[[ Records for the task, beginning ]]

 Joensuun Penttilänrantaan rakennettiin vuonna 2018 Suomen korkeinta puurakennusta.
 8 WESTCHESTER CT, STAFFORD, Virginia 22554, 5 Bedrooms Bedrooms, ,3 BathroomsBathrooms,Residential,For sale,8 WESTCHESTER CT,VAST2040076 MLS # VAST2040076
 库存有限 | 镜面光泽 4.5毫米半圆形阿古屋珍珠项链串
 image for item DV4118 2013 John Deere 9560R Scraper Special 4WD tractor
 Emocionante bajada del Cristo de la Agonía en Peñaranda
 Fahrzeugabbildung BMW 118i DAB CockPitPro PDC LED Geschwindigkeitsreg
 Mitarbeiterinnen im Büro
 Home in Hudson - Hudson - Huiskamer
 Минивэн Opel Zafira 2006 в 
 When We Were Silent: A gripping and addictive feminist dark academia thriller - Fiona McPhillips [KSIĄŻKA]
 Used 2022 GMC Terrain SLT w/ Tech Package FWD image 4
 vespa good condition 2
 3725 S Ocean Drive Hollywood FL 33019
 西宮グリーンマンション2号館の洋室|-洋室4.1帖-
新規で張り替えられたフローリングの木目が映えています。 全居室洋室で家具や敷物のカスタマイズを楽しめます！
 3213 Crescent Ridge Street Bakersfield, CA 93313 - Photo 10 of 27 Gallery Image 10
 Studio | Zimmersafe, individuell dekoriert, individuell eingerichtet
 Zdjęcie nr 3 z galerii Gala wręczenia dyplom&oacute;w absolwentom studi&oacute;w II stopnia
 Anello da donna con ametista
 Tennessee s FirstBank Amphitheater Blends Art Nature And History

[[ Records for the task, end ]]

### Work item
Give back, word for word, the lines from the one with "Used 2022 GMC" through the last line of the entries, both included, and no other line.

### Answer to the problem
 Used 2022 GMC Terrain SLT w/ Tech Package FWD image 4
 vespa good condition 2
 3725 S Ocean Drive Hollywood FL 33019
 西宮グリーンマンション2号館の洋室|-洋室4.1帖-
新規で張り替えられたフローリングの木目が映えています。 全居室洋室で家具や敷物のカスタマイズを楽しめます！
 3213 Crescent Ridge Street Bakersfield, CA 93313 - Photo 10 of 27 Gallery Image 10
 Studio | Zimmersafe, individuell dekoriert, individuell eingerichtet
 Zdjęcie nr 3 z galerii Gala wręczenia dyplom&oacute;w absolwentom studi&oacute;w II stopnia
 Anello da donna con ametista
 Tennessee s FirstBank Amphitheater Blends Art Nature And History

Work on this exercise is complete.